Le Mahatma Gandhi ou l’éveil des humiliés

28 février 2008

Jacques Attali, professeur d’économie, vient de publier “Le Mahatma Gandhi ou l’éveil des humiliés”.
Ce n’est pas le Jacques Attali qui vient de remettre un rapport au Président de la République. Ce Jacques Attali-ci ne m’intéresse pas. Mais l’homme qui a écrit sur le Mahatma Gandhi, oui ! J’ai lu avec attention son livre. De tous les livres que j’ai lus sur le Mahatma Gandhi, je crois que c’est le meilleur.
Dès sa naissance, au Gujarat, dans le Nord de l’Inde, en 1869, le Mahatma Gandhi est sensibilisé à l’ahimsa, c’est-à-dire au respect paisible de toute vie.
Le Mahatma Gandhi fait ses études en Angleterre. Il vit en anglais, c’est-à-dire l’alimentation, les loisirs, etc... Il devient avocat. Il commence à mettre en application, en 1893, lors de son séjour en Afrique du Sud, la non-violence à l’action politique.
Pour défendre les droits de sa communauté, le Mahatma Gandhi développe le “satyagraha”*, c’est une attitude non violente qui se veut à la fois active et positive. De plus, elle demande plus de courage que l’action violente, car elle implique les châtiments jusqu’à “mourir en souriant”. Et puis, elle a une finalité précise : faire triompher la vérité (“satya”). En 1906, lorsque le gouvernement décide d’enregistrer la population indienne pour mieux la contrôler, Gandhi demande à ses compatriotes de ne se plier aux exigences de la nouvelle loi.
Après sept ans de lutte, les autorités sont contraintes de négocier sous la pression de l’opinion publique. De retour dans sa patrie, en 1915, Gandhi applique cette méthode de non-coopération à l’Inde. Il vise non pas une seule indépendance politique, mais une société autosuffisante et pacifique. Son objectif est le “swaraj”, le contrôle de soi : « Celui qui est capable de son propre contrôle observe les règles de moralité (...). Une nation jouit de swaraj si elle possède un grand nombre de tels citoyens », écrit-il. Ses premières actions non violentes (“satyagraha”), en 1918, durant une famine, contraignent les Britanniques à alléger la fiscalité qui pèse sur les fermiers cultivant des produits d’exportation.
Devenu en 1921 l’un des dirigeants du parti du Congrès nationaliste, il lance une campagne de boycott des textiles anglais. Les Indiens sont appelés à porter des vêtements faits maison et les membres du parti ont obligation de filer chaque jour.
Cette dernière pratique présente l’avantage de canaliser la violence dans laquelle risque de basculer la politique de non-coopération.
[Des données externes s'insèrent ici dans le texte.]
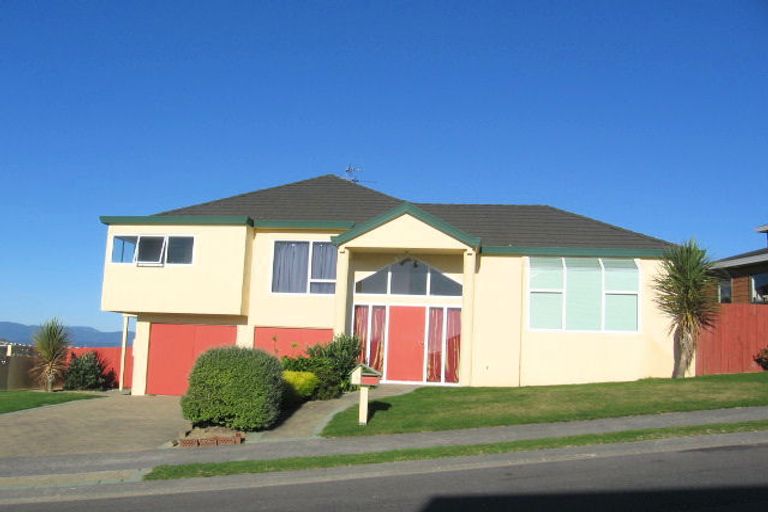 Photo of property in 6 Bathgate Street, Johnsonville, Wellington, 6037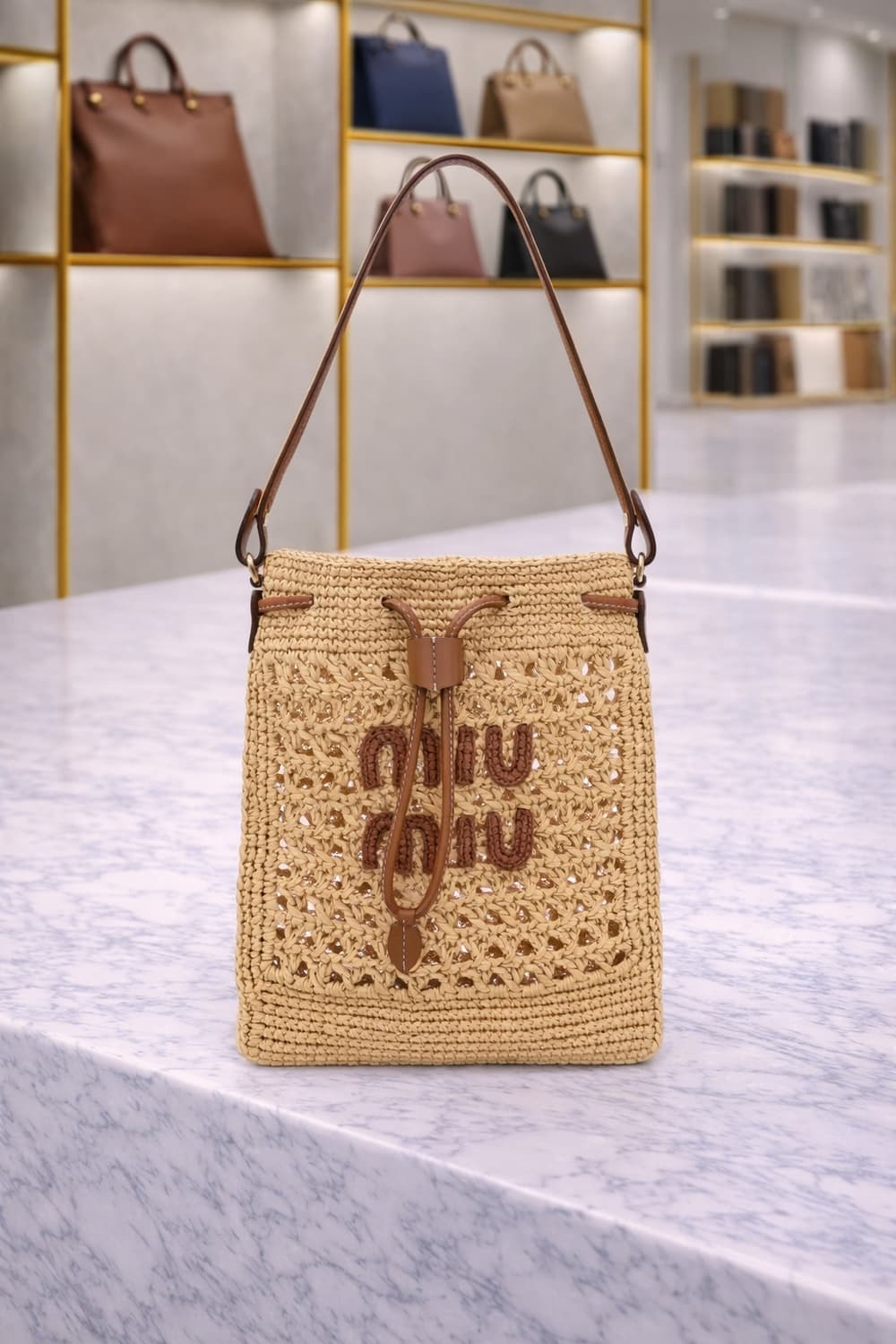 [S급] 미우미우 우븐 패브릭 드로스트링 토트백 판매합니다!!! 상품이미지1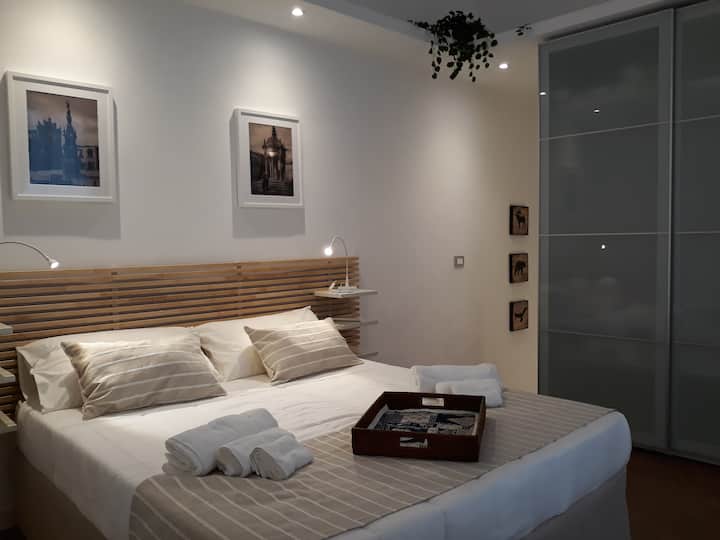 Camera da letto principale, matrimoniale, con bagno attiguo e stanzino per le valigie, situata al primo piano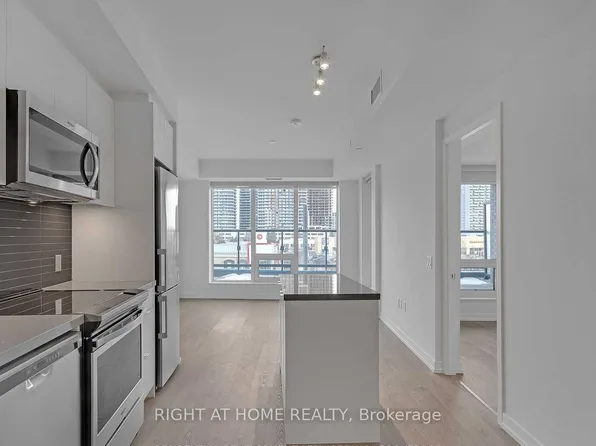 8868 Yonge St #208E, Richmond Hill, ON L4C 1Z8
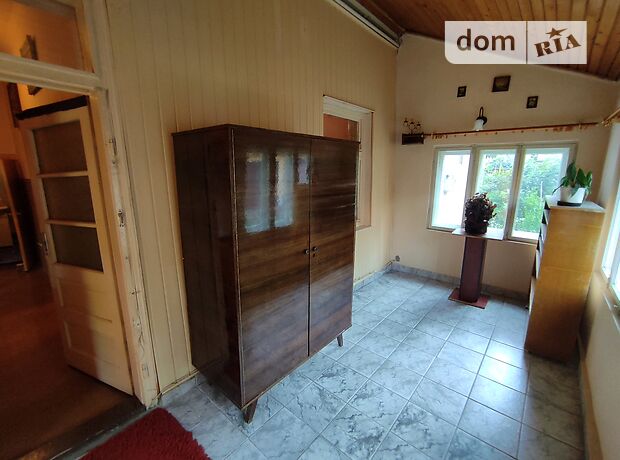 Rent an apartment in Uzhhorod on the St. Voloshyna per 4000 uah. 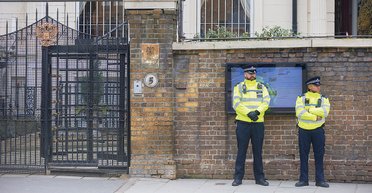 Диппортация. Чем чревата новая дипломатическая война мира с Россией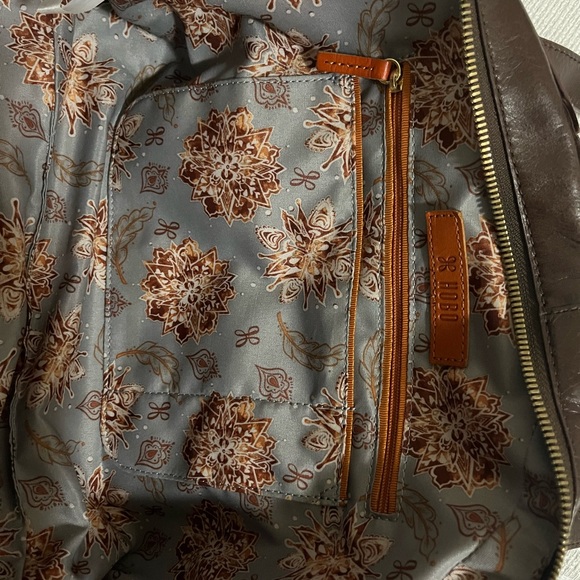 HOBO International– Beckon Leather Shoulder Bag Expresso - Dark brown - Picture 5 of 16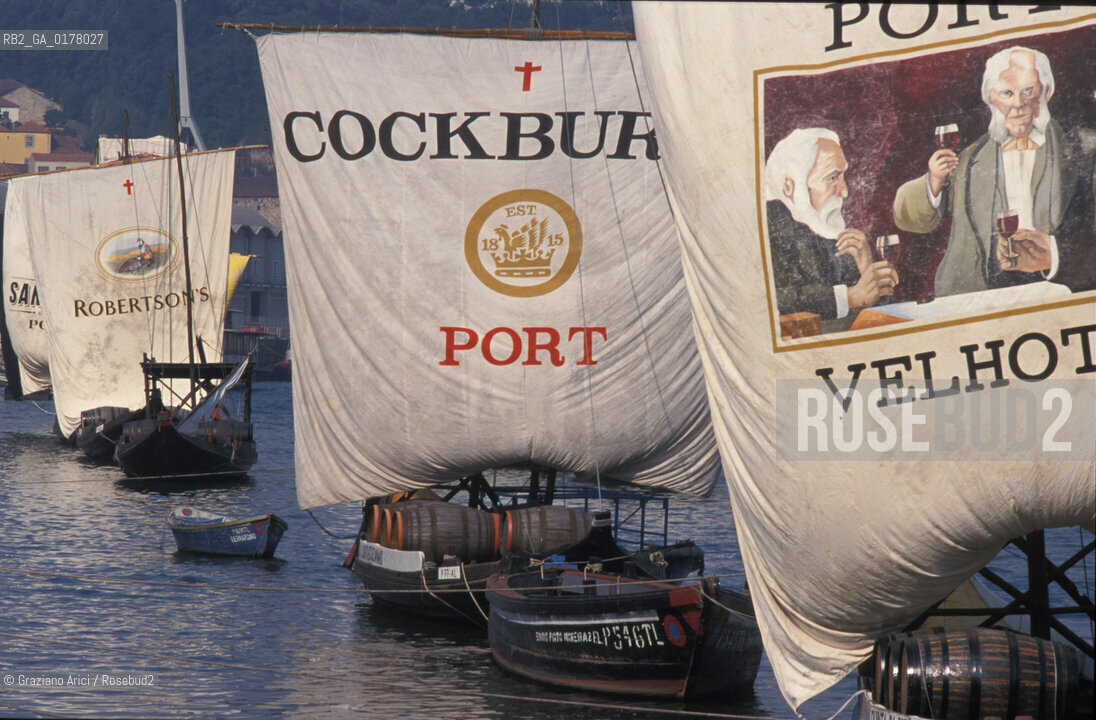 PORTOGALLO, (DOURO) PORTO : IL FIUME DOURO E VILA NOVA DE GAIA -  DISTILLERIE DI PORTO    @ 2002 Graziano Arici/Rosebud2 / BARCA / VELA / GEO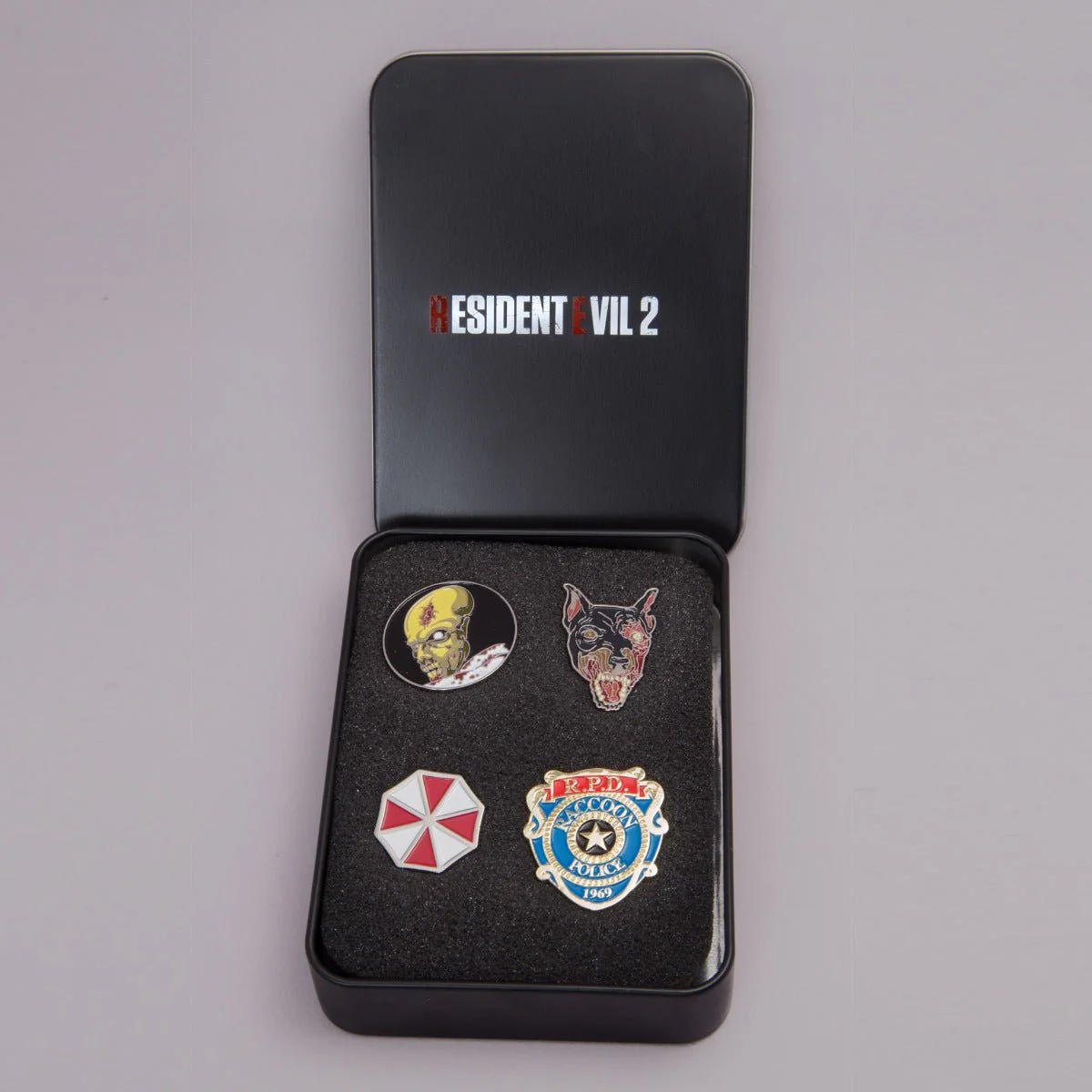 Resident Evil 2 Collectors Pin Badge Set - Image 2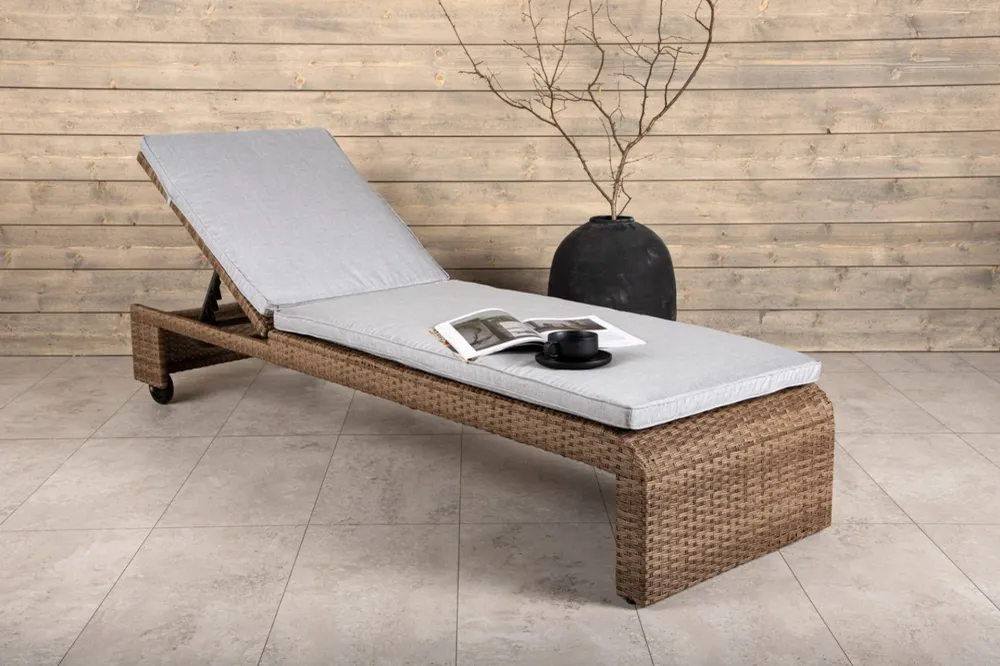 Sun Lounge Venture Home London - 20V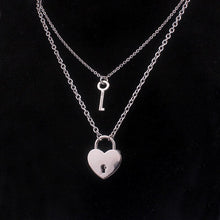Cargar imagen en el visor de la galería, Padlock Key Necklace rock heart Lock with key Necklaces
Ce sont d’ailleurs des affrontements très durs entre Indiens et forces de l’ordre qui, en 1922, poussent Gandhi à interrompre son action. En 1930, il reprend la main avec sa célèbre “Marche du sel”. Des milliers d’Indiens le suivent jusqu’à la mer pour ramasser le sel et échapper ainsi à la taxe imposée par le gouvernement.
En 1942, son appel « Quit India » exige du colonisateur l’obtention d’une indépendance totale de l’Inde. Après deux ans de résidence surveillée, il finit par obtenir gain de cause. Toutefois, les Britanniques, en accord avec les leaders communautaires, prévoient la partition du pays entre un état à majorité musulmane (le Pakistan) et un état à majorité hindoue. Le Mahatma Gandhi (Bapu) l’accepte pour éviter la guerre civile. Mais sa tristesse est telle qu’il semble appeler la mort de ses vœux.
Le 30 janvier 1948, elle prend le visage d’un extrémiste hindou, Gopal Godse, qui l’accuse d’avoir favorisé les musulmans au cours de ses tentatives de rapprochement des communautés. Deux millions d’Indiens seront présents à ses funérailles.
Le Mahatma Gandhi est considéré par l’Eglise catholique comme un saint homme.

Marc Kichenapanaïdou

NB : Patience et souffrance

* Etymologiquement, “satyagraha” signifie : se retenir à la Vérité - d’où Force de la Vérité. Je l’ai appelée également Force d’Âme ou Force d’Amour. En pratiquant le Satyagraha, je m’aperçus rapidement que la recherche de la Vérité n’admettait point qu’on eût recours à la violence contre son adversaire et qu’il fallait arriver à le tirer de l’erreur par la patience et la sympathie : car ce qui paraît Vérité à l’un peut sembler erreur à l’autre. Et la patience implique la souffrance personnelle. La doctrine en vint donc à représenter qu’on défend la Vérité non pas en faisant souffrir son adversaire, mais en souffrant soi-même.